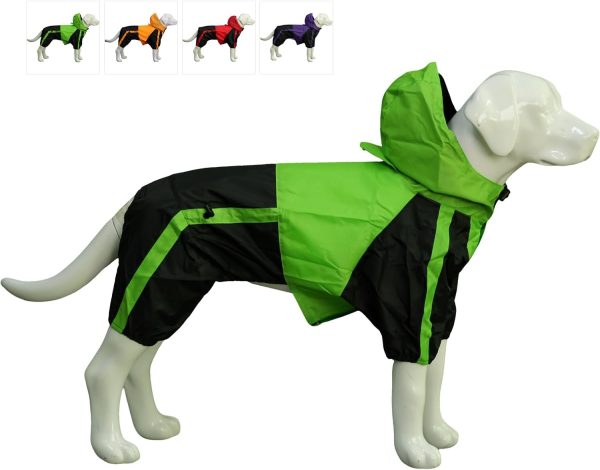 Pet Apparel Large Dog Clothing Raincoat Pet Clothes Rain Coat For Big Large Dogs Red Green Waterproof (L-S, Green)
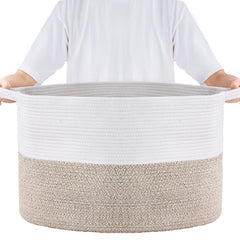 VEVOR Cotton Rope Storage Basket 87L Woven Blanket Basket 20 x 20 x 14 in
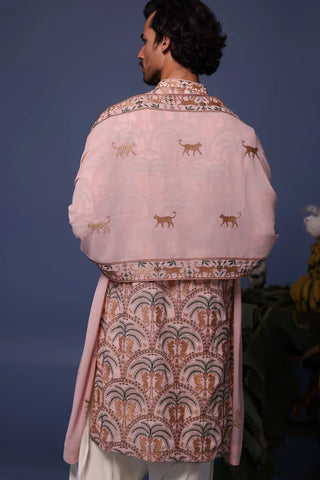 Blush Pink embroidery  Kurta Set with Dupatta for Men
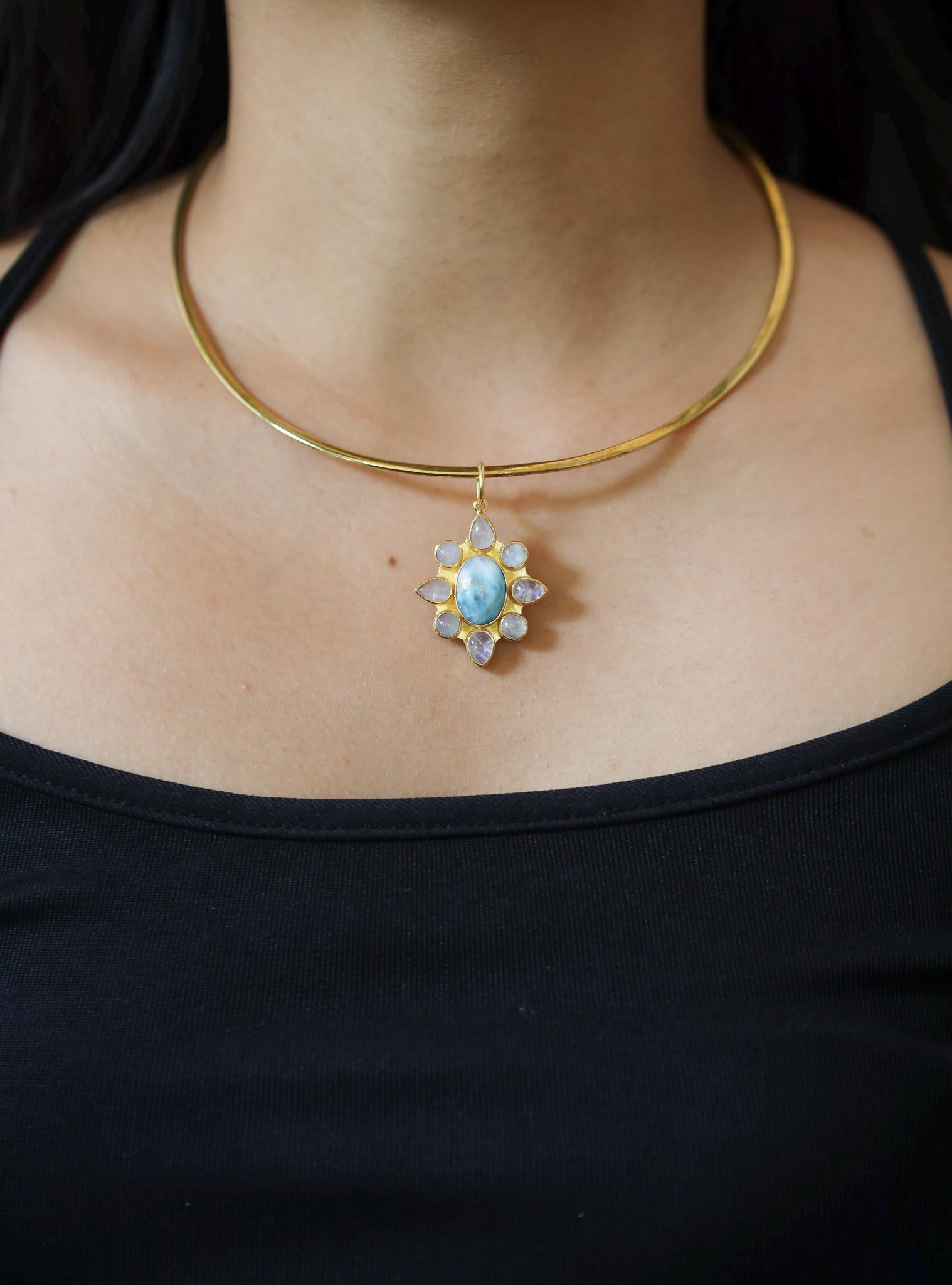 Larimar, Blue Moonstone Flower Pendant, 925 Silver, 18K Gold Plated, Handmade Boho Jewelry, Ocean Energy Amulet, Intuition & Calmness
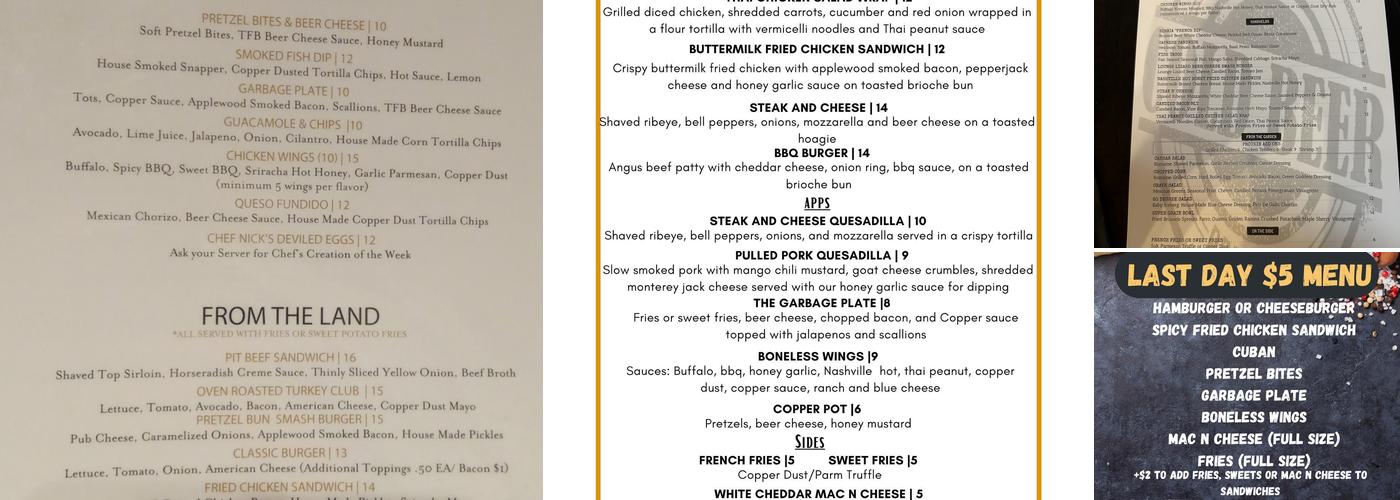 Crave & Copper Menu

****************

• _EXERCISE DETAILS_: Reproduce exactly and only the lines from the "Blush Pink embroidery" line to the last line of the records above. Do not carry over any pictures.

• _RESPONSE_:
 Blush Pink embroidery  Kurta Set with Dupatta for Men
 Larimar, Blue Moonstone Flower Pendant, 925 Silver, 18K Gold Plated, Handmade Boho Jewelry, Ocean Energy Amulet, Intuition & Calmness
 Crave & Copper Menu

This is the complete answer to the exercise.